Rigorous assessments of the potential impact of industry and coastal development on marine mammals: research designs, techniques and long-term strategies
Amanda Hodgson, Lars Bejder and Ken Pollock (Murdoch University)
Increasingly, the approval and permitting processes for coastal developments and industrial activities in marine and coastal areas require an assessment of the potential impacts on marine mammals. Often there is little pre-existing data with which to make these assessments. Environmental consultants and marine mammal biologists are then asked to collect data, usually over short time frames, to determine likely long term impacts.

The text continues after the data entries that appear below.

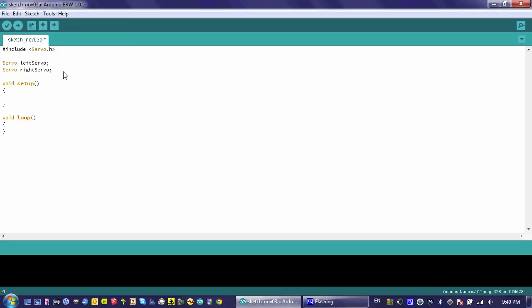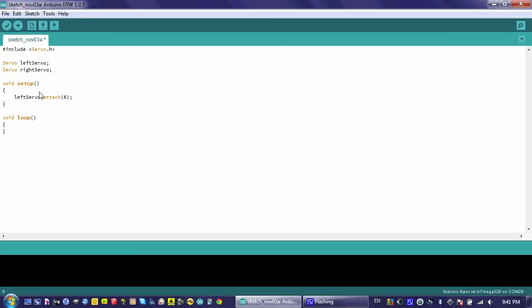The two really important functions that I get access to are as follows. The first one is the attach. I'm going to say left servo dot attach function. I'm going to attach this to pin number six. So basically, this tells the servo object what pin I've actually connected the servo motor to, where it's getting its information about how fast that motor needs to go and in what direction.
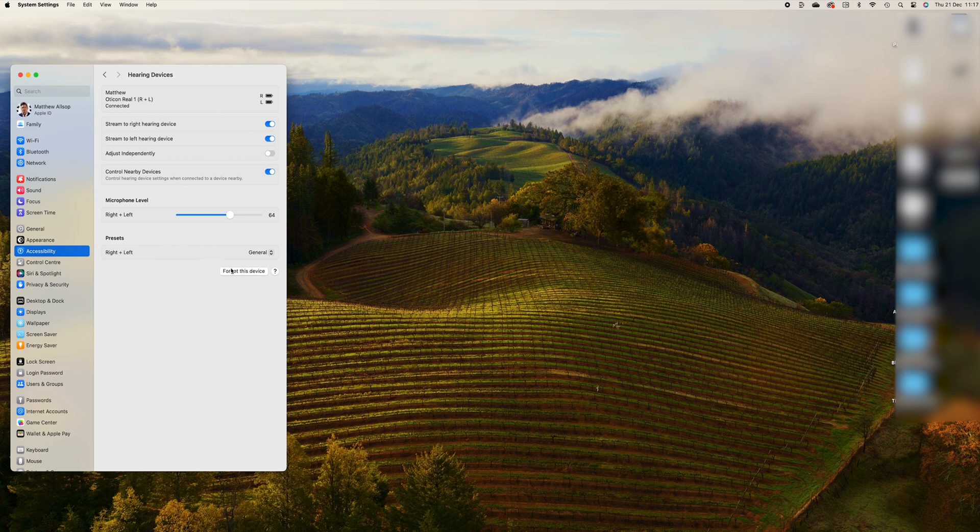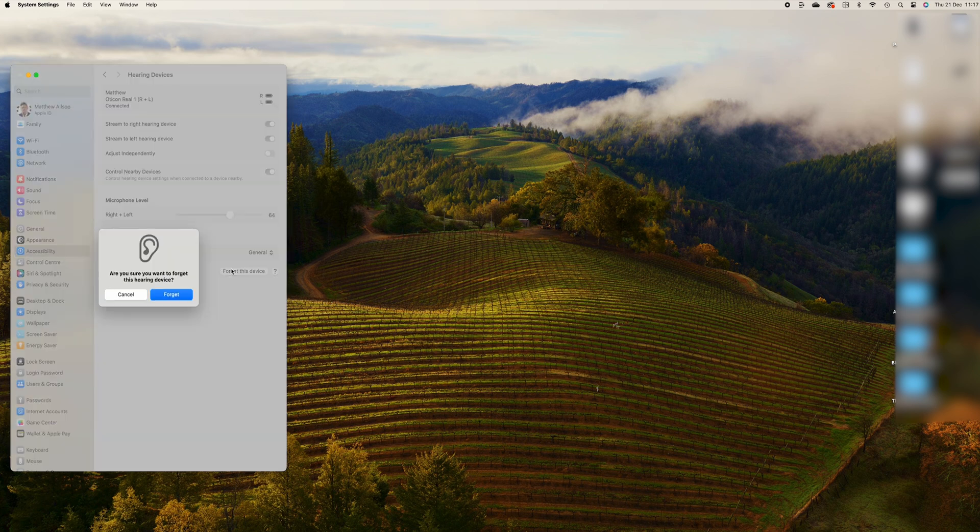Next, click on Forget This Device, and then forget when the box pops up. And that's it. You're disconnected.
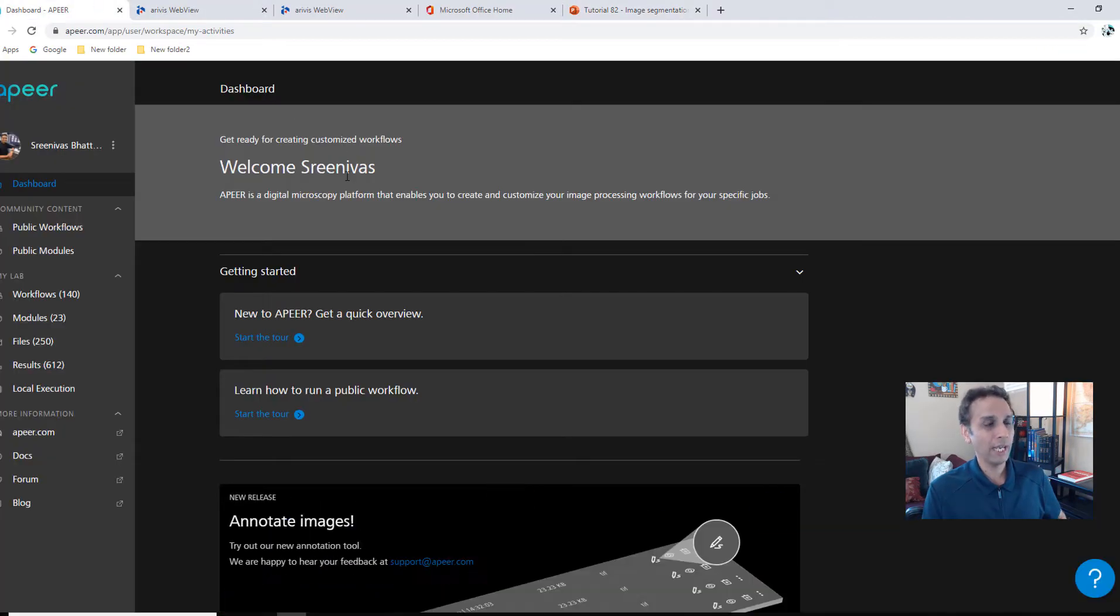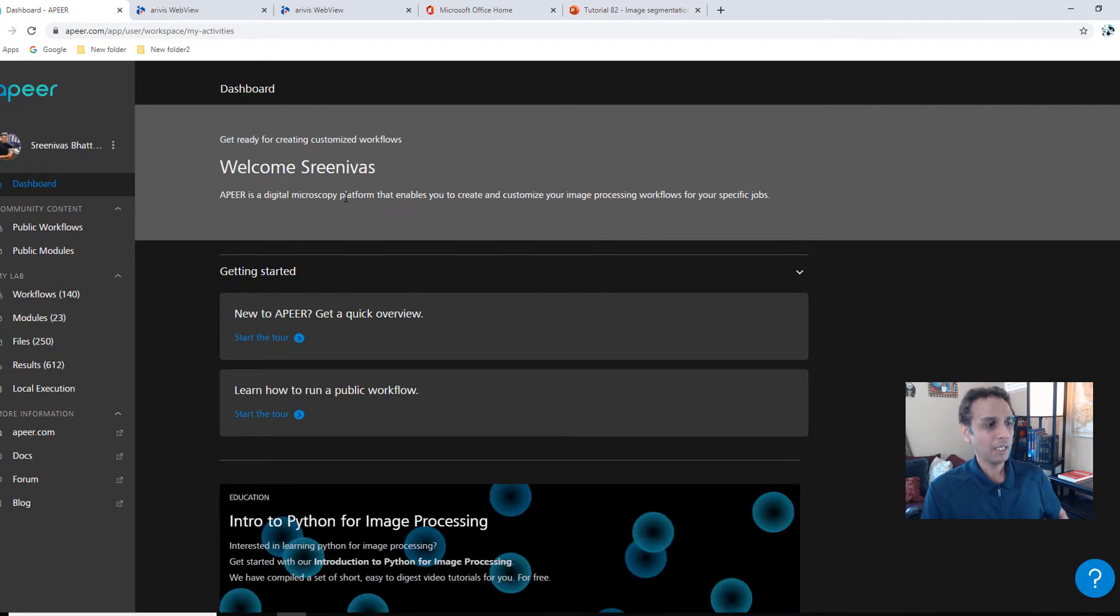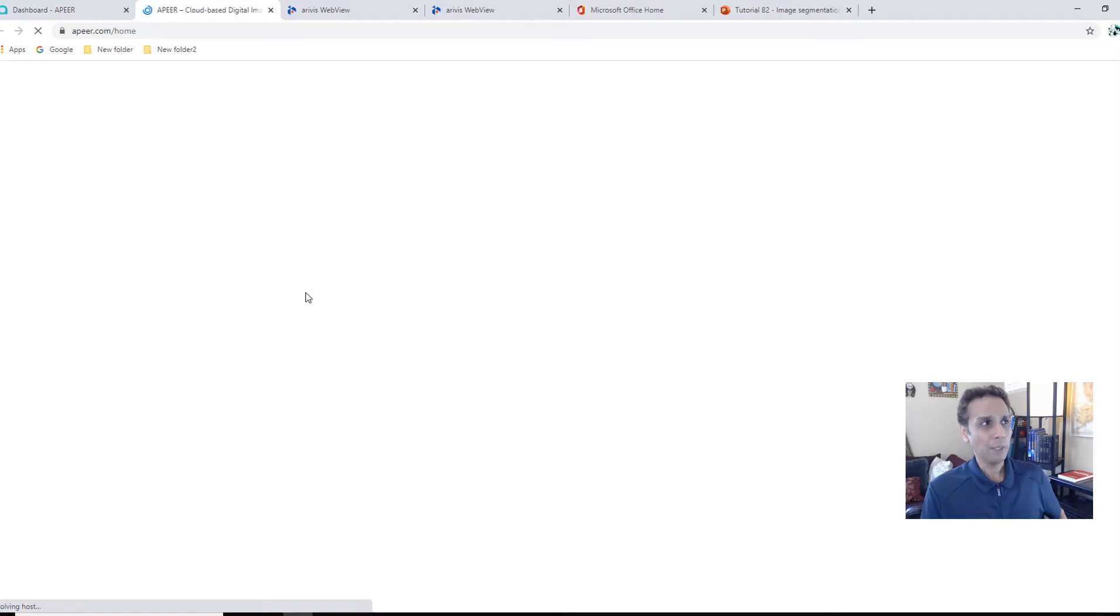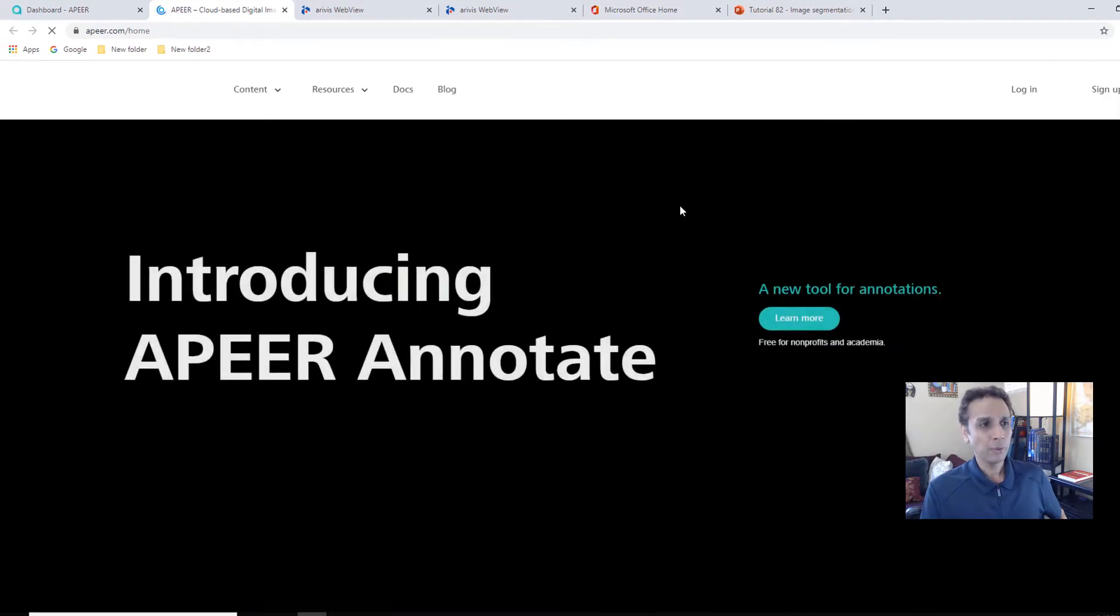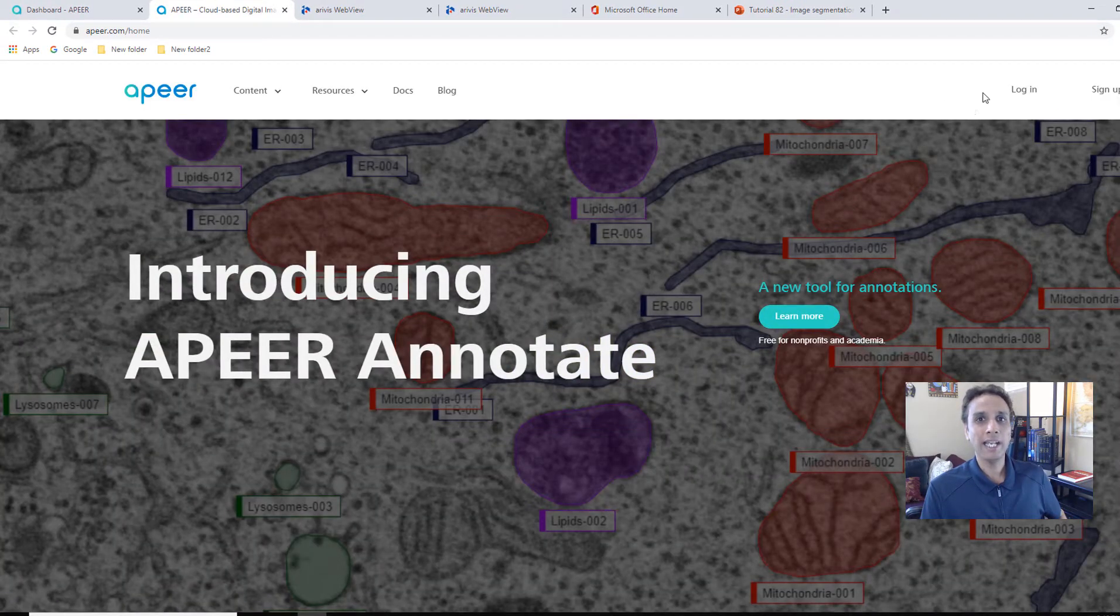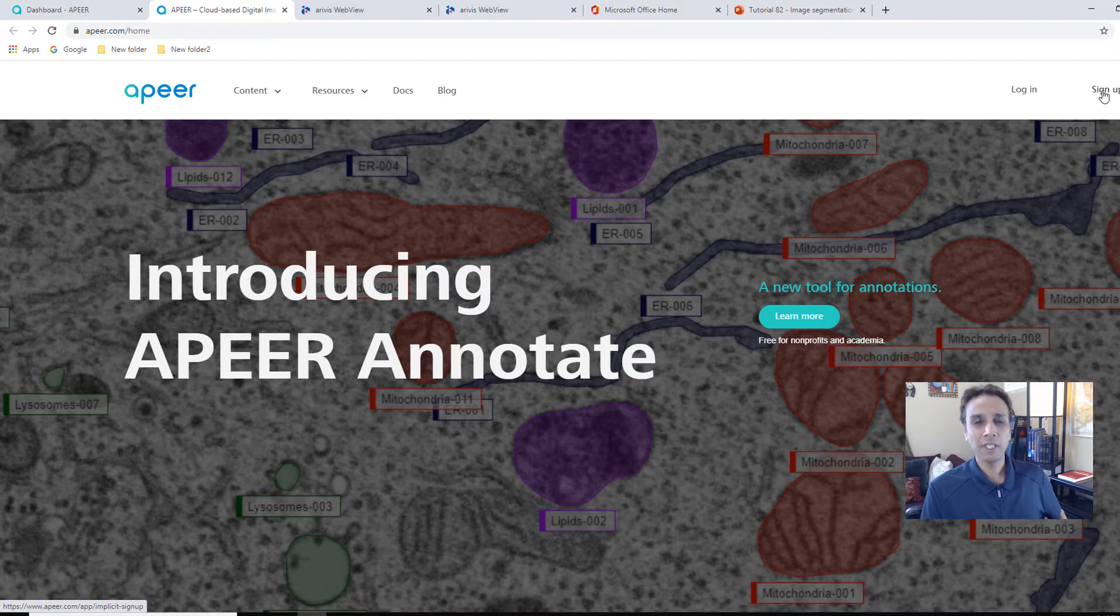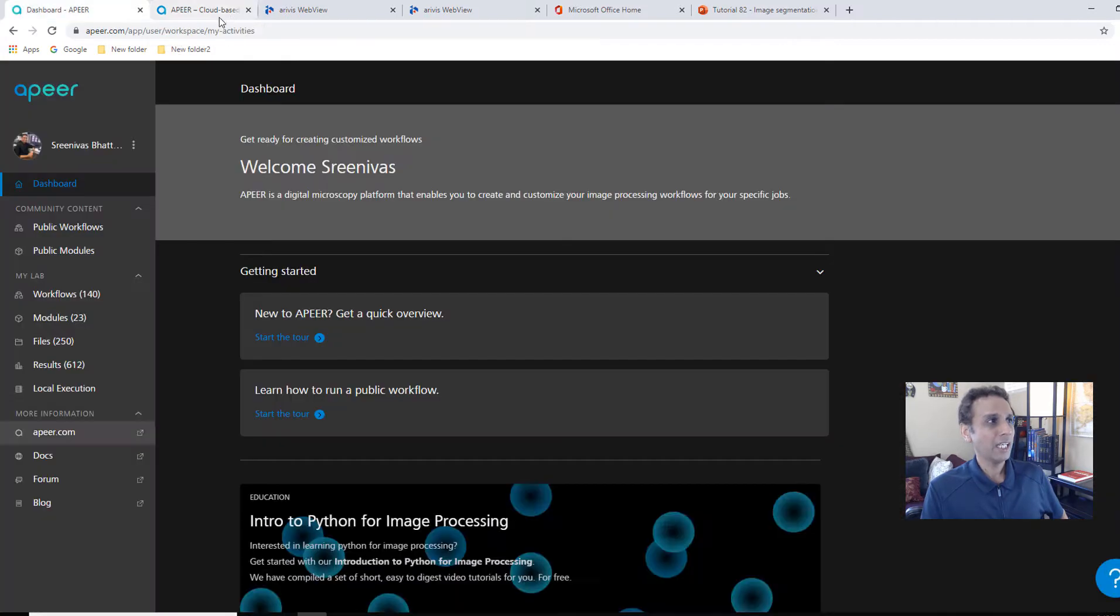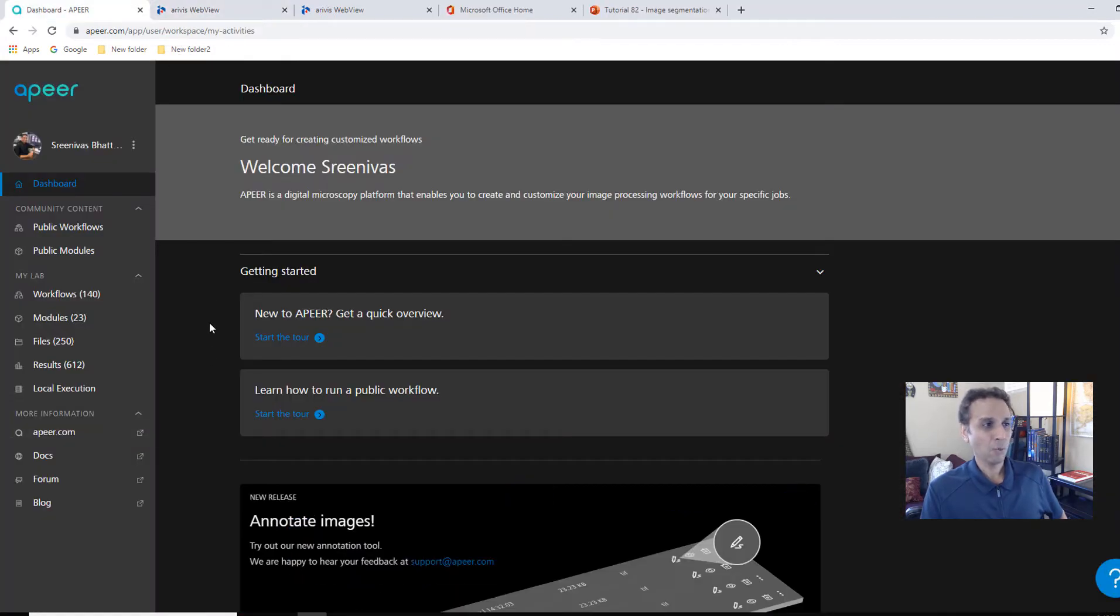First of all, go ahead and type www.apeer.com. If you have never signed up or never logged on to APEER, you would run into a page that looks like this. Go ahead and click on sign up. It should take a couple of minutes for you to sign up. Once you log in, it should look somewhat like this.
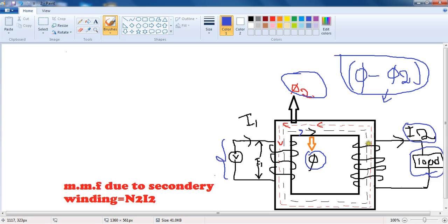When we connect a load at the secondary terminals, the load draws current I2 from the secondary winding. According to Faraday's laws of magnetism, the current I2 sets up flux phi2. This phi2 is opposite to the main flux phi, so both are in opposite directions and the net flux in the core decreases.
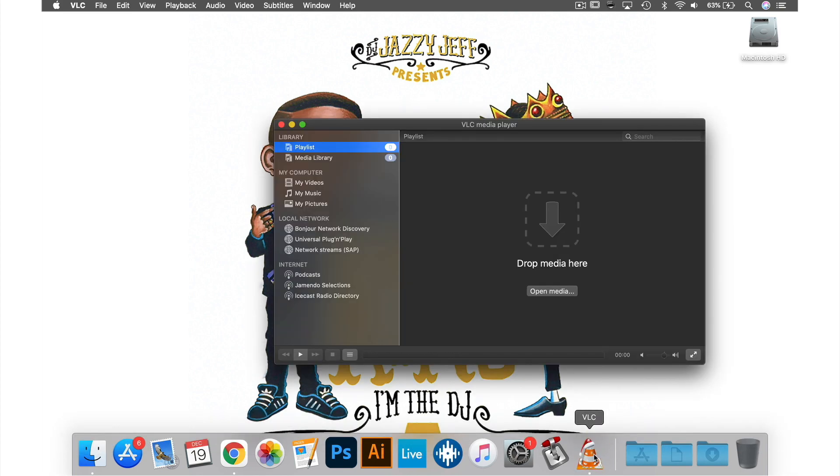So that was how to remove the Christmas icon. Check out my other videos for more VLC tips and tricks.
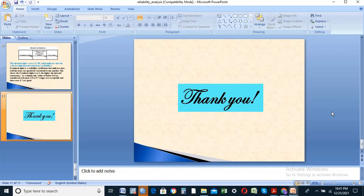Thank you so much for watching. I appreciate your feedback. Feel free to leave a comment and give us a thumbs up. Thank you very much!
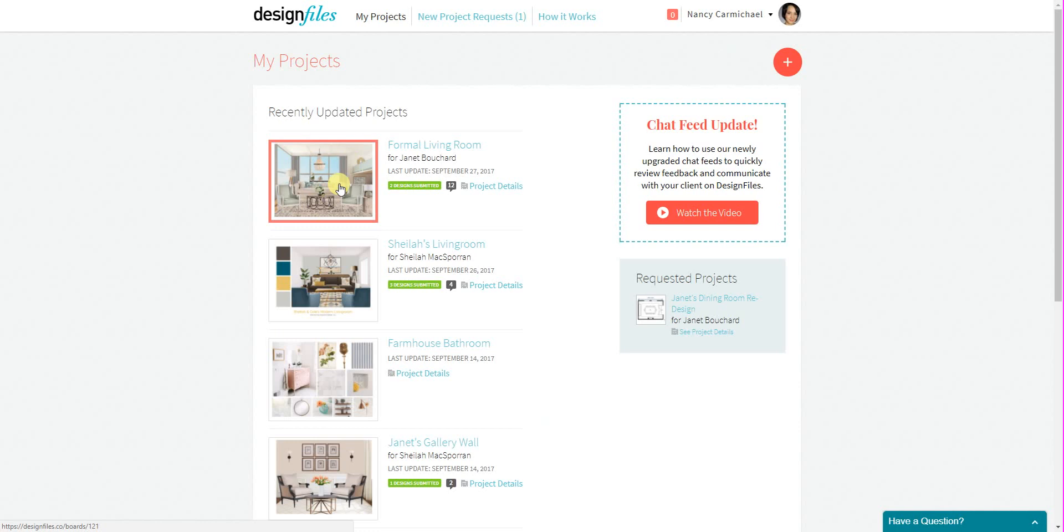So definitely log in and have a look at the new widgets. And if you're interested, by all means, add them to your website or blog and start directing clients directly into your Design Files account to start design consultations with you. Thanks for watching.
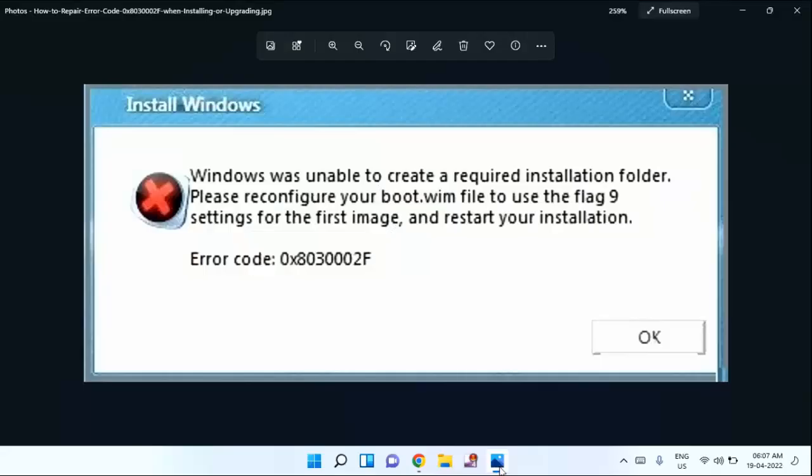Hello guys, welcome to my Android tech channel. Today I am going to show you in this video how to fix the error code 0x8030002F while installing or upgrading your Windows operating system. If you are not subscribed to my channel, please subscribe. Let's start the video.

This symposium will focus on the techniques available to collect appropriate data to assess these impacts, how we can improve our assessment methods and how we can strategically work to collect long -term strategic data sets with a short term funding base. This will provide an urgently needed critique of the science available for assessing impacts of industry and coastal developments on marine mammals. We will ask presenters to provide an overview of what questions each technique can and cannot answer, including limitations of temporal and spatial scales of assessments.
We will have three sessions:
1. Techniques to determine presence/absence, abundance and habitat use
- Survey design – what are the minimal requirements to get useful data?
- Aerial surveys or boat based surveys – what is appropriate?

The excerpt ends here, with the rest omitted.